にしても、スタンリーにはあくまでジンジャー=DEAと思わせておく理由とは何なのか。

僕なりの落とし所としては、ジンジャーの存在も徹底的に消しておきたかったんでしょう。

なんでかというと、ジンジャーはガブリエルの右腕だからです。

だからスタンリーのことも騙して、わざわざ彼の前で殺したことにしておく…ということなんじゃないかなと思います。

 

もう一つ大きな曖昧ポイントは、前半に出てくるトーバルズというハッカー。
(たぶんフィンランド人)

そもそも彼が本作のストーリーにどう関係しているのか。どうして、そして誰に殺されたのか。ここが僕にはよく分かりませんでした。

一応の理解としては、たぶん彼の存在意義はほとんどないんだと思います。

FBIがトーバルズのことを調べるうちにたまたま(?)スタンリーを見つけるので、その展開のために必要だったのでしょう。

印象的なセリフ

個人的に印象に残ったセリフが、

「1人の子供を殺して疫病を世界中からなくせたら、殺すか?」

みたいなセリフです。

これはガブリエルの活動をよく表している一方で、メッセージ性も強いと思いました。

ガブリエルはテロリストを撲滅すると言いつつ、自分も半分テロリストみたいなものです。

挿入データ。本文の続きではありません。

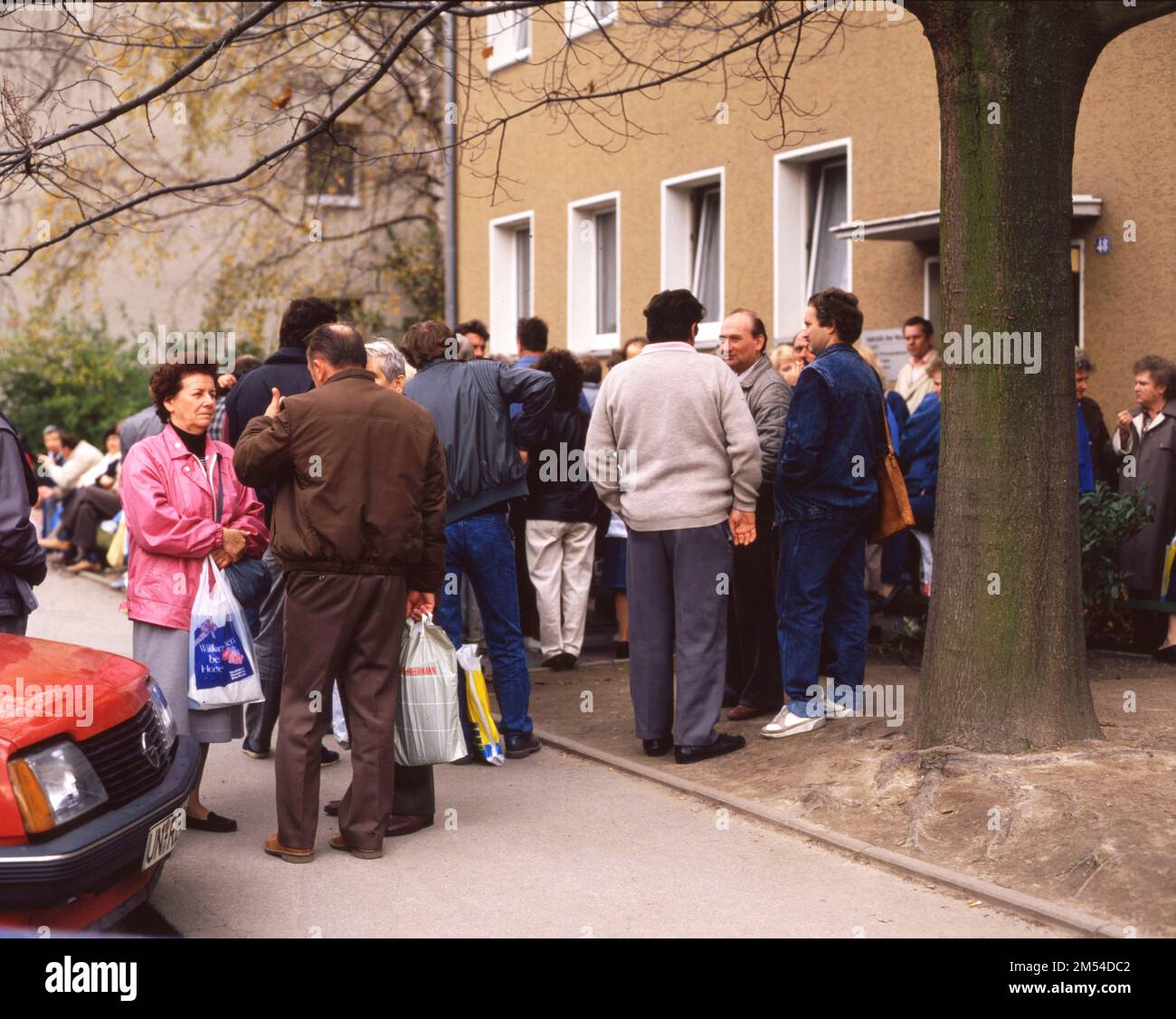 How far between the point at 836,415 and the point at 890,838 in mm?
2339

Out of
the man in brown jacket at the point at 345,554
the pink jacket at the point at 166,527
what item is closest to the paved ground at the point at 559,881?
the man in brown jacket at the point at 345,554

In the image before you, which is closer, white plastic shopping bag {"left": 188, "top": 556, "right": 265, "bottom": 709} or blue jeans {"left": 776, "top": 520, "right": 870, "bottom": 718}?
white plastic shopping bag {"left": 188, "top": 556, "right": 265, "bottom": 709}

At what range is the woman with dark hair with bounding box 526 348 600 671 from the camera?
10.2 meters

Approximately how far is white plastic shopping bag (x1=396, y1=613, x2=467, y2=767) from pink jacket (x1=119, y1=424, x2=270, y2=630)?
897 millimetres

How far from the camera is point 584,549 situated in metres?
10.4

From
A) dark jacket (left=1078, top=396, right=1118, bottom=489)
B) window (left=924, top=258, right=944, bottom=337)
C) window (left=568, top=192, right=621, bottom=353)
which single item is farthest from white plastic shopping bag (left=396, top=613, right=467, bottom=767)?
window (left=568, top=192, right=621, bottom=353)

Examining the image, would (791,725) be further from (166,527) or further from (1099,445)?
(1099,445)

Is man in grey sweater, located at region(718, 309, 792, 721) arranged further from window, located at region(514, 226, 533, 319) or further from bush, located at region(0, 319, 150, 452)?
bush, located at region(0, 319, 150, 452)

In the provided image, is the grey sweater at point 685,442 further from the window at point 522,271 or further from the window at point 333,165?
the window at point 522,271

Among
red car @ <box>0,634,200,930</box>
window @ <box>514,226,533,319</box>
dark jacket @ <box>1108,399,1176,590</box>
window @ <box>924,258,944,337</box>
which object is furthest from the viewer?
window @ <box>514,226,533,319</box>

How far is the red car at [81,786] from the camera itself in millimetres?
4309

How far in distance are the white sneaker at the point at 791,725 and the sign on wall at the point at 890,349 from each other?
598 centimetres

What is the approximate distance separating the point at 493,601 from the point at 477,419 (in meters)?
0.89

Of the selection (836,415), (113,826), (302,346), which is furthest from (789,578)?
(113,826)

これを正当化する理屈として、要は「大きな目的のためなら小さな犠牲は仕方ない」と彼は語ります。

この理屈は正しいのかどうか。

もちろん正解なんてない問いですが、映画を観る人にとっては考えさせられるテーマです。

僕としては、ガブリエルを全肯定は出来ないとしても、彼は割といいヤツだと思っています。

集めた資金は純粋にテロリスト抹殺のために使っているわけですし、強盗の一件後は実際にテロリストを何人か殺害しているからです。